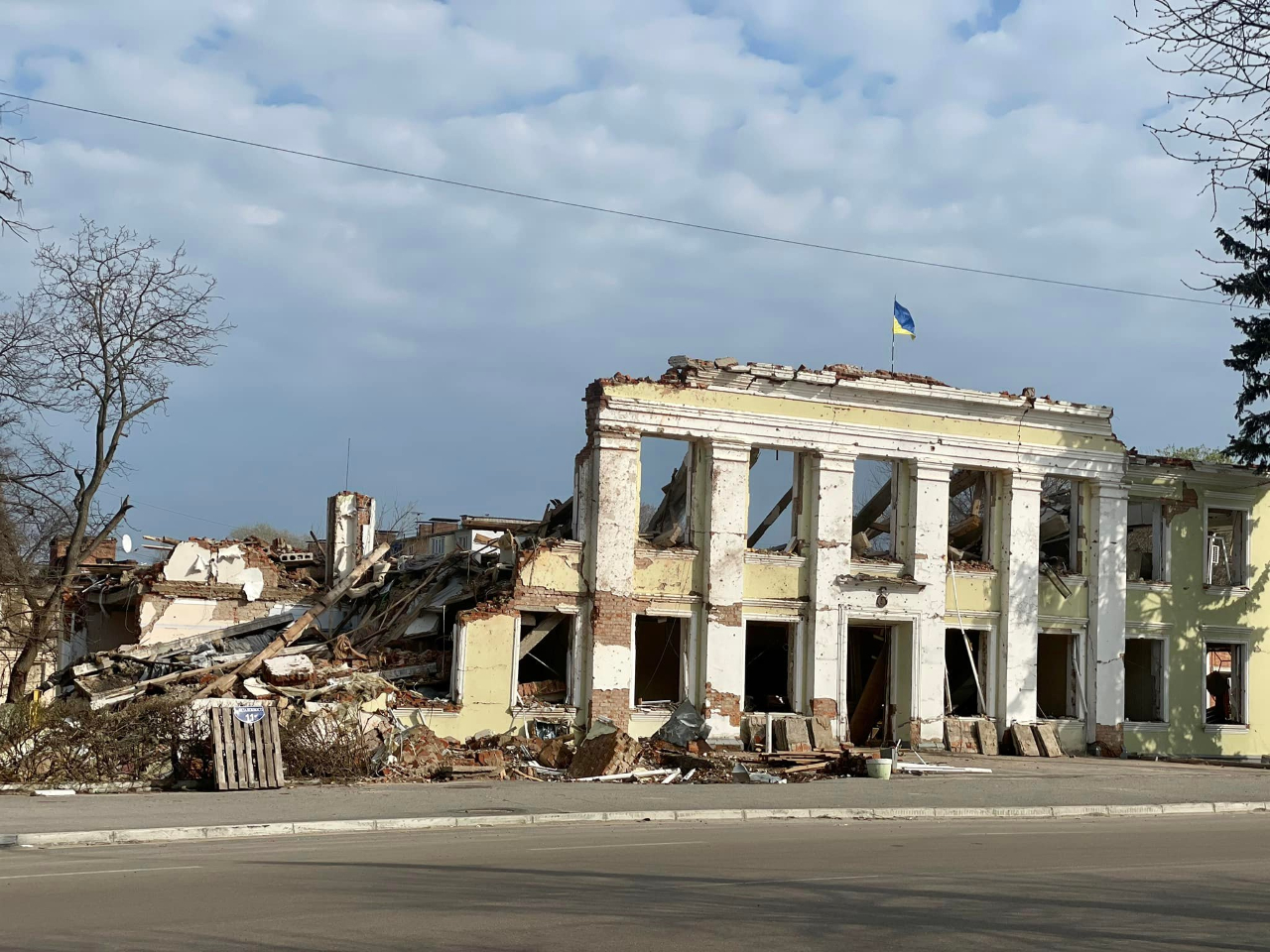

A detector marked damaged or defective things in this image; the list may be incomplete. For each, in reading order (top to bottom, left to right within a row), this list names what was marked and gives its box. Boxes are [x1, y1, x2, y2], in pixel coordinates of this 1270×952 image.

broken window frame [640, 438, 700, 547]
broken window frame [741, 449, 802, 555]
broken window frame [853, 459, 904, 563]
broken window frame [945, 469, 990, 565]
broken window frame [1127, 500, 1163, 581]
broken window frame [1199, 508, 1249, 588]
broken window frame [510, 614, 581, 710]
broken window frame [629, 614, 691, 710]
broken window frame [945, 627, 990, 715]
broken window frame [1036, 635, 1086, 721]
broken window frame [1127, 637, 1163, 726]
broken window frame [1199, 642, 1249, 731]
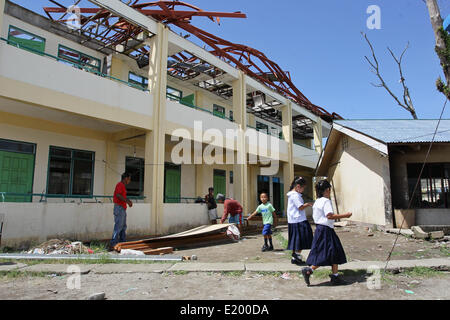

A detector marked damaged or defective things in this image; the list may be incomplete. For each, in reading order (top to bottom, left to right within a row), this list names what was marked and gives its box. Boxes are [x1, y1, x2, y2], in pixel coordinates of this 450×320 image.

damaged school building [0, 0, 342, 246]
damaged school building [316, 120, 450, 230]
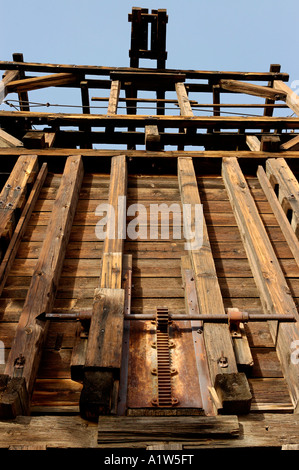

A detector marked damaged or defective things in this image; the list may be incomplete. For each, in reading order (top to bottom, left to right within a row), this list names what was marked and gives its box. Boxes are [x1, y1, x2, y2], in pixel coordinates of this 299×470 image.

rusted metal plate [126, 318, 204, 410]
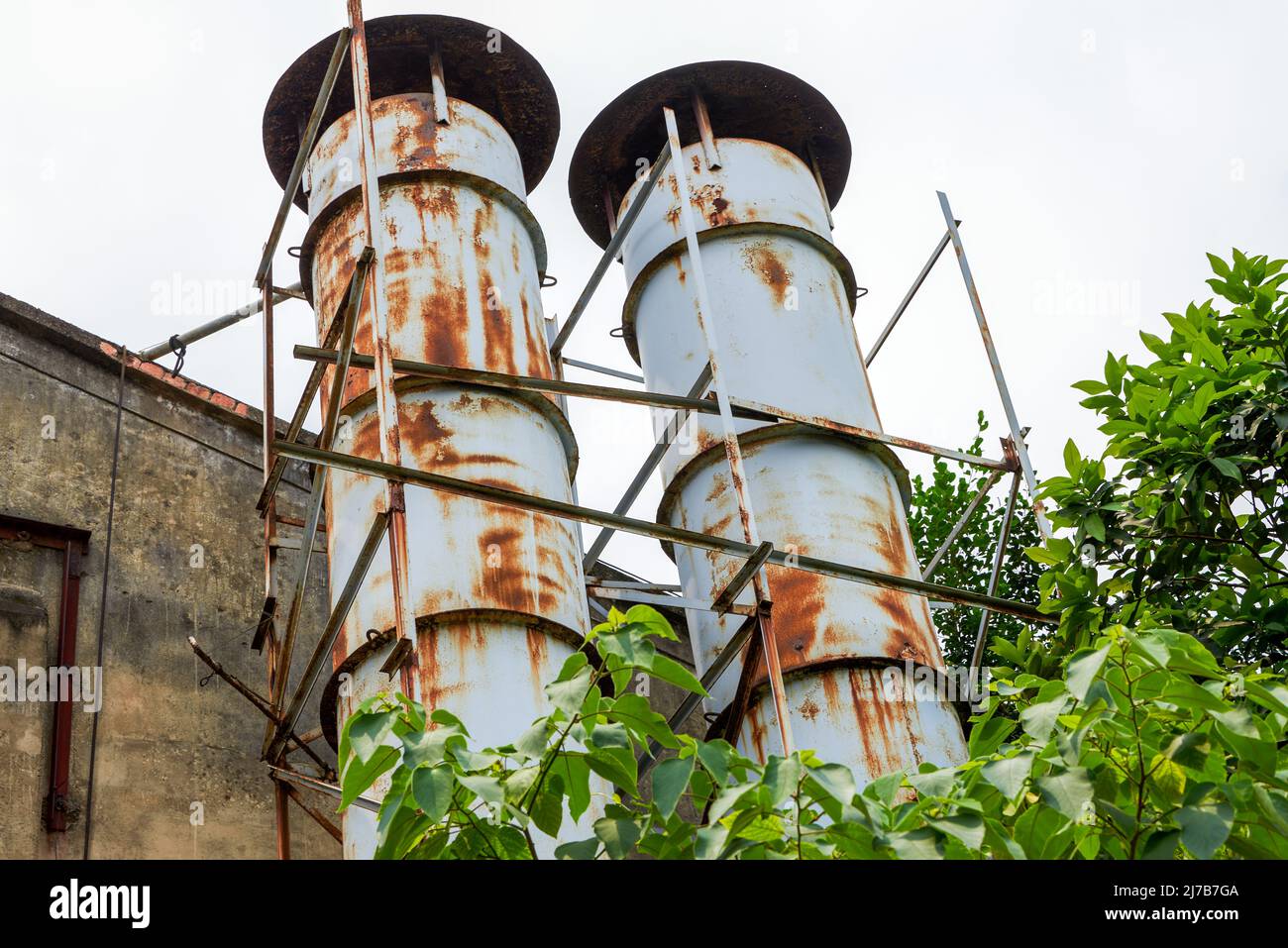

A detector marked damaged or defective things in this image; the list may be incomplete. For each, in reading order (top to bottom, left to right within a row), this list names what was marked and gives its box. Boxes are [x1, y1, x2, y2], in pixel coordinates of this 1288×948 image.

rusty metal chimney [266, 13, 587, 860]
rusty metal chimney [571, 60, 963, 785]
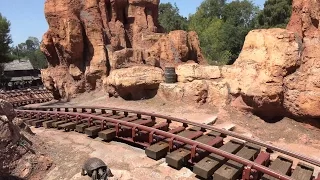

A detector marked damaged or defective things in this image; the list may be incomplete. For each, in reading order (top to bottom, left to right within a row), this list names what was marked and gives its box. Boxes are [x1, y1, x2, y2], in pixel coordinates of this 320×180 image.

rusty rail [15, 109, 296, 180]
rusty rail [19, 105, 320, 168]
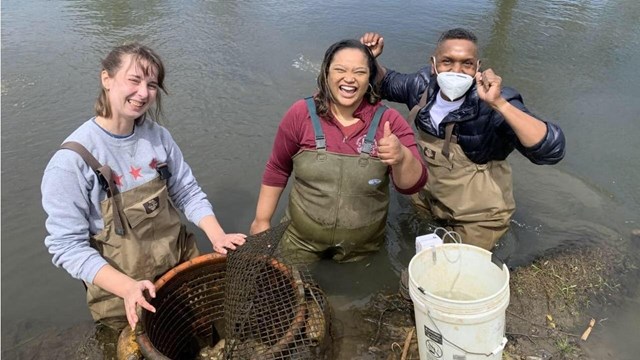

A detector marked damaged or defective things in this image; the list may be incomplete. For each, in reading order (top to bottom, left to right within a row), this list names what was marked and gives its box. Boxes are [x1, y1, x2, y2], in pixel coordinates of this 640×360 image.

rusty metal trap [132, 222, 332, 360]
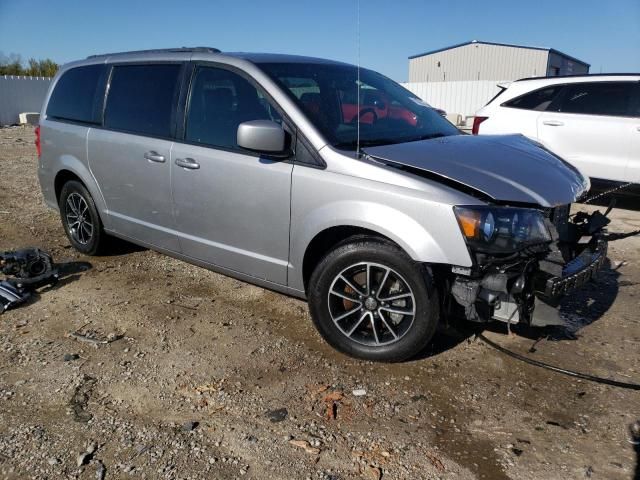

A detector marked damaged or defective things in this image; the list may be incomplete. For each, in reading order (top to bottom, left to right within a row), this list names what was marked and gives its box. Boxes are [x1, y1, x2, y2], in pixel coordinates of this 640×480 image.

crumpled hood [364, 133, 592, 206]
broken headlight [456, 204, 552, 253]
front-end damage [444, 204, 608, 328]
damaged bumper [448, 206, 608, 326]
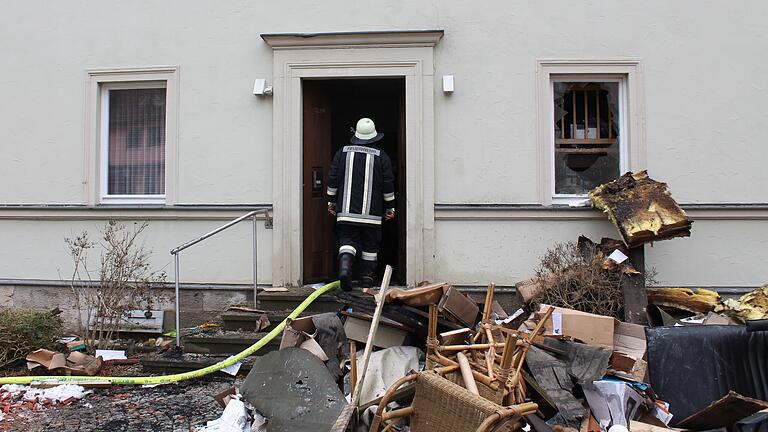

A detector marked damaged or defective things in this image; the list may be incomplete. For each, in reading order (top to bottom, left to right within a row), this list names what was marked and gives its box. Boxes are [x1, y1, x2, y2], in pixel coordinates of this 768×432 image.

──────────

Omit the pictures, then copy out all the data exactly as it stands.

■ **Exercise solution**:
A detector marked damaged or defective things in this image; the list may be incomplete. For each, in reading order (top to bottom, left to right within a row), this list names what was marked and gives its box. Boxes are [x1, y1, x2, y2], in pixel coordinates of this 1270×952 image.

broken window frame [640, 438, 700, 547]
broken window frame [741, 449, 802, 555]
broken window frame [853, 459, 904, 563]
broken window frame [945, 469, 990, 565]
broken window frame [1127, 500, 1163, 581]
broken window frame [1199, 508, 1249, 588]
broken window frame [510, 614, 581, 710]
broken window frame [629, 614, 691, 710]
broken window frame [945, 627, 990, 715]
broken window frame [1036, 635, 1086, 721]
broken window frame [1127, 637, 1163, 726]
broken window frame [1199, 642, 1249, 731]

A detector marked damaged or defective things in this image; the list may be incomplete. For each, in reading order (top to bottom, left to right within a row), this list names what was marked and gives its box. Boxes are [x1, y1, x2, y2], in pixel coordinates of this 450×320 image.

damaged school building [0, 0, 342, 246]
damaged school building [316, 120, 450, 230]

A detector marked damaged or defective things in this image; the list may be incomplete. For each, in reading order (top to bottom, left to right within a row), this list names what was marked and gives its box. Boxes are [x1, y1, x2, y2], in pixel coordinates of this 299×470 image.

rusted metal plate [126, 318, 204, 410]

A detector marked damaged or defective things in this image; the list may be incomplete. For each, in reading order (top to bottom, left to right within a row), this list names what was marked and gives its box. Boxes are [x1, y1, x2, y2], in pixel coordinates of this 1288×948 image.

rusty metal chimney [266, 13, 587, 860]
rusty metal chimney [571, 60, 963, 785]

A detector marked damaged or defective things in this image; the list may be incomplete. For each, in reading order (top to bottom, left to right within a row), this list names what was marked and gives its box. Boxes are [x1, y1, x2, y2], in pixel coordinates of this 320×180 image.

rusty rail [15, 109, 296, 180]
rusty rail [19, 105, 320, 168]

A detector marked damaged or defective things in this image; the list may be incomplete. For each, in reading order (top to bottom, left to right within a row), this list names what was marked and gives its box. Boxes are [x1, y1, x2, y2], in pixel coordinates of this 640×360 image.

rusty metal trap [132, 222, 332, 360]

A detector marked damaged or defective things in this image; the list may be incomplete. For each, in reading order (top to bottom, left to right within a row), this list names what was marked and gives its box. Boxes are [x1, y1, x2, y2], in pixel coordinates of this 640×480 image.

crumpled hood [364, 133, 592, 206]
broken headlight [456, 204, 552, 253]
front-end damage [444, 204, 608, 328]
damaged bumper [448, 206, 608, 326]

A detector marked damaged or defective things in this image; the list may be incomplete. For each, in reading order (top to bottom, left to right within a row), this list names what was marked and gives its box. Boxes are [x1, y1, x2, y2], in pixel coordinates of this 768×432 image.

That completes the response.